Additionally there may be other modules, such as utils. Root level modules
must not depend on entity modules. The project structure should make spotting
possible dependencies really easy in code reviews.
Example layout:
.
├── app
│ ├── account
│ │ ├── organizations
│ │ ├── projects
│ │ ├── roles
│ │ └── users
│ ├── core
│ │ ├── db
│ │ ├── graphql
│ │ └── monitoring
│ ├── product
│ │ ├── clusters
│ │ ├── consumers
│ │ └── products
│ └── telemetry
│ ├── logs
│ ├── metrics
│ ├── notifications
│ └── snapshots
├── deploy
│ └── manifests
├── docs
├── images
│ ├── backup
│ ├── metrics_exporter
│ └── restore
└── tests
├── doctests
└── unittests
Each module contains at least a models.py (which keeps the SQLAlchemy
model definitions), a types.py (for GraphQL types), a queries.py
(which keeps the GraphQL query object types and their respective resolvers), a
mutations.py (which keeps the GraphQL mutations), and a controllers.py
(which contains the controllers for this module).
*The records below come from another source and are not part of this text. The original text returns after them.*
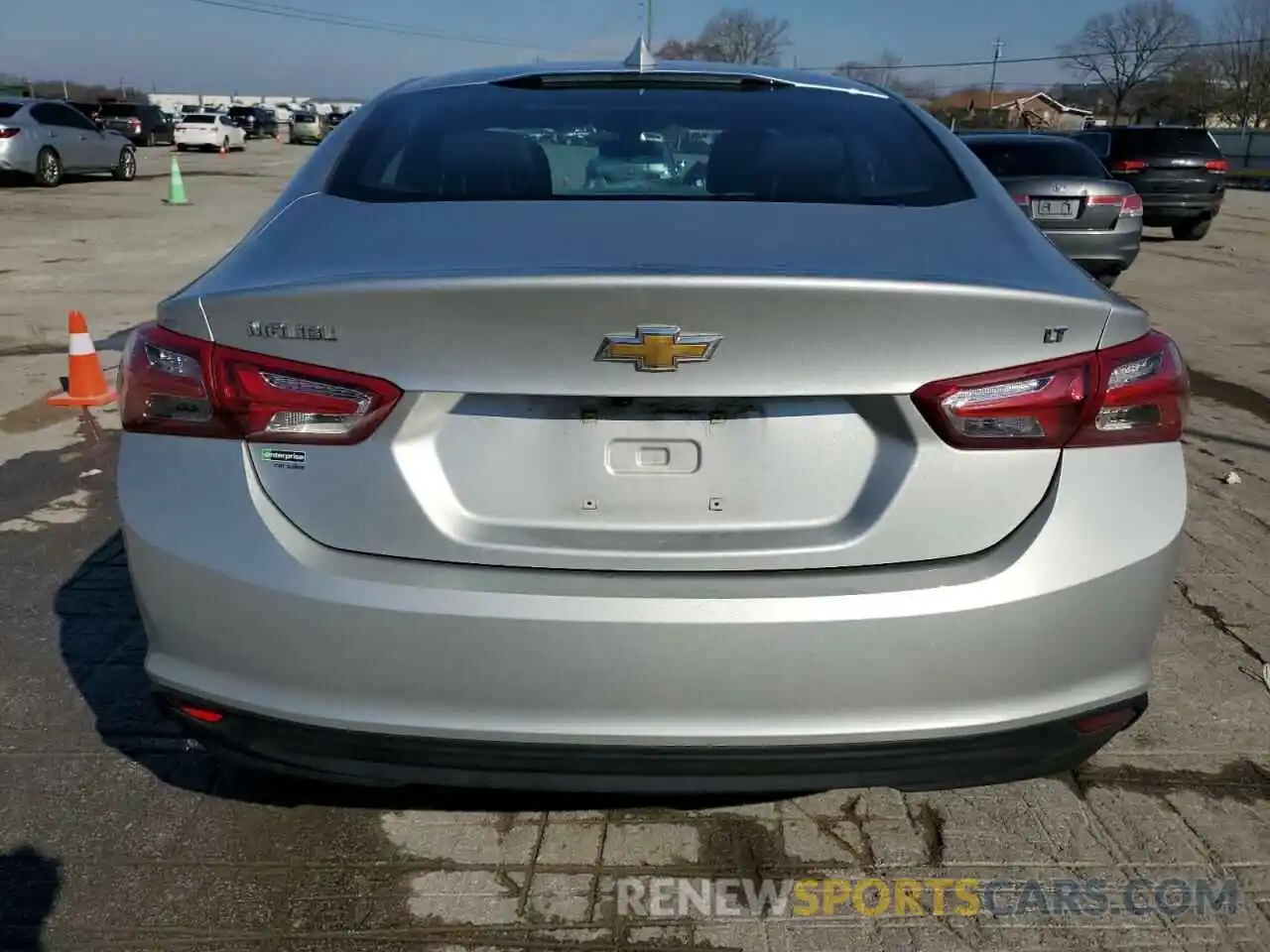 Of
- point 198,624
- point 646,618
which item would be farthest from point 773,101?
point 198,624

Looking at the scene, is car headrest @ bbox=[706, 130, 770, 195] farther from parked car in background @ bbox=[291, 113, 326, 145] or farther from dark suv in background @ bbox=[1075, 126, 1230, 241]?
parked car in background @ bbox=[291, 113, 326, 145]

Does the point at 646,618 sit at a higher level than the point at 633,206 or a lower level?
lower

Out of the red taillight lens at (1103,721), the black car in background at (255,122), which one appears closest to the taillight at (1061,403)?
the red taillight lens at (1103,721)

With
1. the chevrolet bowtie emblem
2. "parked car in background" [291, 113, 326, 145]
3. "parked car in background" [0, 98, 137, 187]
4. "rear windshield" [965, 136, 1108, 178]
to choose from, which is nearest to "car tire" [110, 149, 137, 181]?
"parked car in background" [0, 98, 137, 187]

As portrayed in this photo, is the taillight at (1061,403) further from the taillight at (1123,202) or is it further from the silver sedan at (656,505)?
the taillight at (1123,202)

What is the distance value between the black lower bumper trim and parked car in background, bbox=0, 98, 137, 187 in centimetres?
2326

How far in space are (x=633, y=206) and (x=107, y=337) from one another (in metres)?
7.17

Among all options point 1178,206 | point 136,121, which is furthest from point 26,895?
point 136,121

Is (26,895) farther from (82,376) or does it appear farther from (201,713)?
(82,376)

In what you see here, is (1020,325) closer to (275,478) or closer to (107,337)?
(275,478)

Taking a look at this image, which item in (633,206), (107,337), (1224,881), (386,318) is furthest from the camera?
(107,337)

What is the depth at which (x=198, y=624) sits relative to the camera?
1.97 m

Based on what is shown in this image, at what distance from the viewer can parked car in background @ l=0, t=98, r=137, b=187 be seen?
69.1 feet

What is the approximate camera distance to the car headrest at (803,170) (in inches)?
93.8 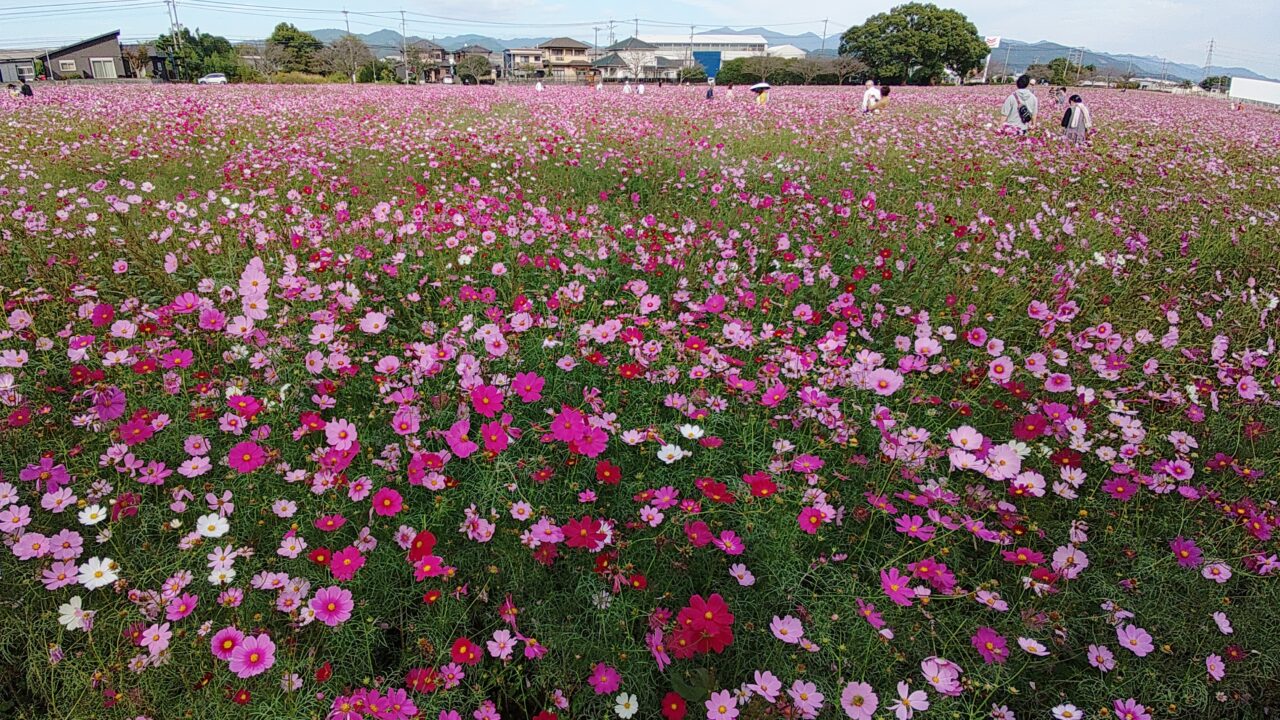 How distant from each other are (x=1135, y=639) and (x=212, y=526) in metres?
2.45

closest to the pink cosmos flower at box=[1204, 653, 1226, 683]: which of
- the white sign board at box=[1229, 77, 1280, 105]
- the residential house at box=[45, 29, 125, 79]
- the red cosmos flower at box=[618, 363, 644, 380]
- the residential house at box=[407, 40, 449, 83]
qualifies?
the red cosmos flower at box=[618, 363, 644, 380]

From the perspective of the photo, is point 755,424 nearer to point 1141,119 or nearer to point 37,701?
point 37,701

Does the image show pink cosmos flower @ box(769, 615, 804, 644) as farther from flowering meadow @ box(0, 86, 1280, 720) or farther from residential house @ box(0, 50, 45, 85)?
residential house @ box(0, 50, 45, 85)

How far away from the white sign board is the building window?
79.3m

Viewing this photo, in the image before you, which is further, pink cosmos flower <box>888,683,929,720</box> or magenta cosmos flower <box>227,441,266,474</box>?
magenta cosmos flower <box>227,441,266,474</box>

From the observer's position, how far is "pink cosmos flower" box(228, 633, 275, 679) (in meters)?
1.30

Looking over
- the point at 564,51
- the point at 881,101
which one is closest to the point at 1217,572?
the point at 881,101

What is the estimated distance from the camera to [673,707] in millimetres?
1323

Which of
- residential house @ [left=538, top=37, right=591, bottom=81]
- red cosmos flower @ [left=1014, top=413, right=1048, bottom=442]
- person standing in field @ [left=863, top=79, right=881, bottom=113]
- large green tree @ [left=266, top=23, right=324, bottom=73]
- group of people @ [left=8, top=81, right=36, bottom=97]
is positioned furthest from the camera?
residential house @ [left=538, top=37, right=591, bottom=81]

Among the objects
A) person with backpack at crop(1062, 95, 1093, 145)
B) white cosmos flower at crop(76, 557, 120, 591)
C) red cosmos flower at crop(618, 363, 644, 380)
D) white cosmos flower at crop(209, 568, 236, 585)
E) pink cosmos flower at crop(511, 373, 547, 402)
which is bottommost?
white cosmos flower at crop(76, 557, 120, 591)

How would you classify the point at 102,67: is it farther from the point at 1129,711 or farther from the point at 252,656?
the point at 1129,711

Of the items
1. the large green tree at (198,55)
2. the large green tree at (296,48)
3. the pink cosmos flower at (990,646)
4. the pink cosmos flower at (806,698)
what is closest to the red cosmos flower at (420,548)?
the pink cosmos flower at (806,698)

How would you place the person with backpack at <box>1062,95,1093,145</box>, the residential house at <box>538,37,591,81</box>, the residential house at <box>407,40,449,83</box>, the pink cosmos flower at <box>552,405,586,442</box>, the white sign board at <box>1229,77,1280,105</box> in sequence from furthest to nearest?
the residential house at <box>538,37,591,81</box> < the residential house at <box>407,40,449,83</box> < the white sign board at <box>1229,77,1280,105</box> < the person with backpack at <box>1062,95,1093,145</box> < the pink cosmos flower at <box>552,405,586,442</box>

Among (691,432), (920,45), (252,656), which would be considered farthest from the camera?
(920,45) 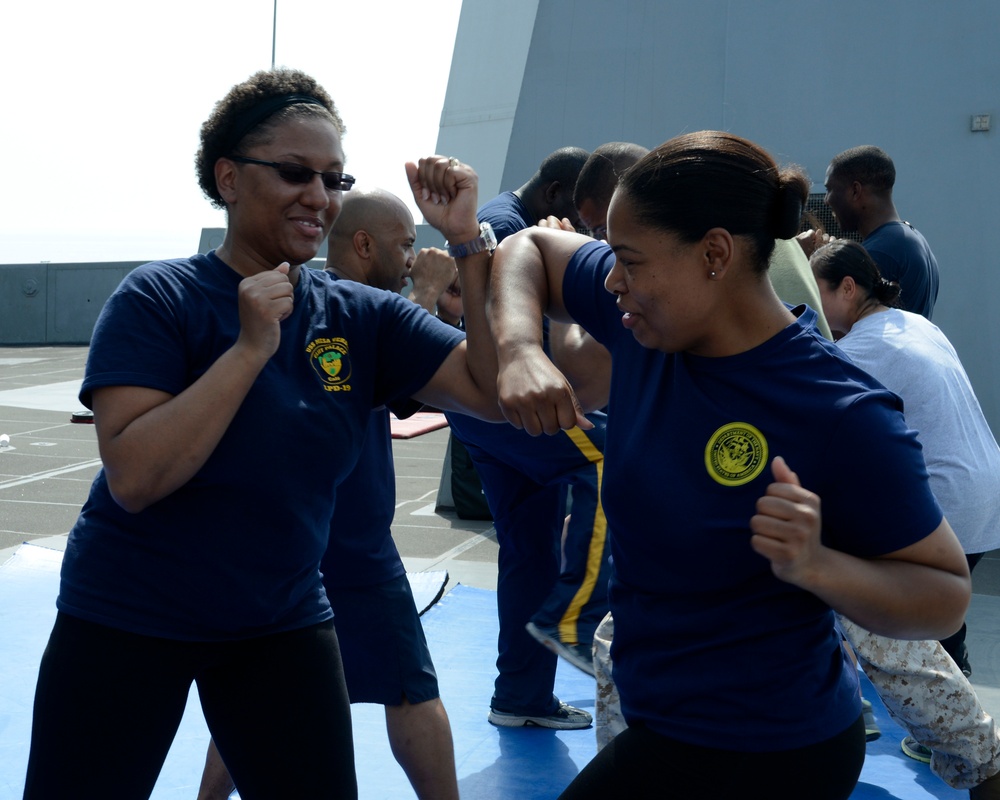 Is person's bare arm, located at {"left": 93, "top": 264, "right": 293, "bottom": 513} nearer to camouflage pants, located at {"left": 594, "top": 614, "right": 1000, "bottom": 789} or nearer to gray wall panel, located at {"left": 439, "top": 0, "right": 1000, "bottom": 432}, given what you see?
camouflage pants, located at {"left": 594, "top": 614, "right": 1000, "bottom": 789}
Additionally other modules,
such as utils.py (for utilities) may be present.
Truncated example layout:
.
├── app
│ ├── __init__.py
│ ├── account
│ │ ├── __init__.py
│ │ ├── organizations
│ │ │ ├── __init__.py
│ │ │ ├── controllers.py
│ │ │ ├── models.py
│ │ │ ├── mutations.py
│ │ │ ├── queries.py
│ │ │ └── types.py
...
Database Layout¶
Merging the two projects together also allows to simplify database access. All
relations are moved into a single database schema named core. This then
requires only a single database user core to have DQL and DMQ
access on schema core.
The database schema and access of the telemetry cluster may stay as is.
Impact¶
This CCEP does not have any impact on other proposals.